January 1, 2025 - 10:30am

According to a widely-shared recent essay, executives at streaming networks routinely ask screenwriters for film and television to produce scenes in which characters “announce what they’re doing, so that viewers who have this program on in the background can follow along”. The streaming platforms also have thousands of micro-genres in their catalogue including “casual viewing”, which is used for films and shows that go down best when you’re not paying attention.

It can be a salutary experience for a screenwriter to observe viewers when those viewers are watching a screen. You may have — if you’re any good, you will have — burned midnight oil and brain cells to make your screenplay cogent and your plot watertight. And then you see people watching á la Gogglebox: doing the ironing, chatting, wondering whether the bins need to be collected. A screenwriter’s job is to make them pay attention — or, at least, it was. Film editors and directors now labour over shots that viewers miss when there’s a notification on their phone; scrolling and “second screen” viewing have made this even more acute.

Is it any wonder that a lot of modern streaming TV suffers from slowness and bloat, considering that its main function is not to keep you entertained moment by moment, as analogue TV did, but merely to keep you subscribed to the service, with its enormous range of little-watched fare?
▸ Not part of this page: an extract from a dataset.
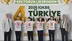 Malatya'daki Çamlıca Koleji, Bursluluk Sınavında 4 Öğrenciyle Türkiye Birincisi Oldu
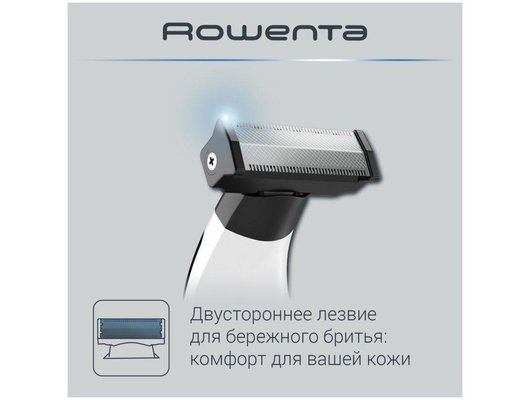 Триммер ROWENTA TN6010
The actual viewing figures for streaming services, despite being more accurate and more readily available to the networks in question, are kept a ruthlessly close secret. You can have a “hit” show that nobody is actually watching.

So it’s no surprise that “casual viewing” is on the up, and this may not necessarily be a bad thing. One of the most irritating ways TV has changed alongside tech in recent decades has been the vaunting of every single programme, no matter how trivial, as epically unmissable. One longs for the days when things were just “on”, without any fanfare telling us how life-altering they were. Programmes such as Vera and Emmerdale are trumpeted like the arrival of the Queen of Sheba. Nobody ever claimed that Shoestring or Terry and June were going to change our lives, but it was nice they were there. And maybe it’s that breezy genre of show which Netflix and its competitors, previously beholden to complex arcs and “journeys”, are rediscovering.
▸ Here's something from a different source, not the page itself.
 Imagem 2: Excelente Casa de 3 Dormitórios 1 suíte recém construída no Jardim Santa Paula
This steer to writers, however, hits on an age-old question: at the start of a show in particular, would the viewer rather be a little lost, or have everything spelt out? Cinema, with its lack of competing distractions, has always had the edge over TV here. Watching the beginning of a film requires a heightened sense of mental effort: they’ve already caught you, so they can afford to be more coy.
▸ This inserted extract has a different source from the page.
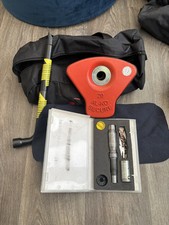 AL-KO Secure Wheel Lock No. 20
There is an art to setting the scene out in dialogue and action. If you get it right, the viewer won’t even notice they’re receiving the information. Having a character “announce what they’re doing” cuts across that. There is no need for Hamlet to enter proceedings and announce: “Here I am, lads. Time to find out if the stories about my father’s ghost haunting the ramparts are true.” An even slightly attentive audience member will have picked that up from dialogue, and attentive is the key word here: if you’re only half-watching a programme, then of course everything will need to be announced.

Pretty soon, this may all be academic. Advances in AI mean that any day now we’ll likely be able to pause the action and ask the characters who they are, what they know and what they want. The art of screenwriting may well transform into the art of curating the best prompts. Netflix and the other streaming services were born from technological change. They may die from it too.


Gareth Roberts is a screenwriter and novelist, best known for his work on Doctor Who.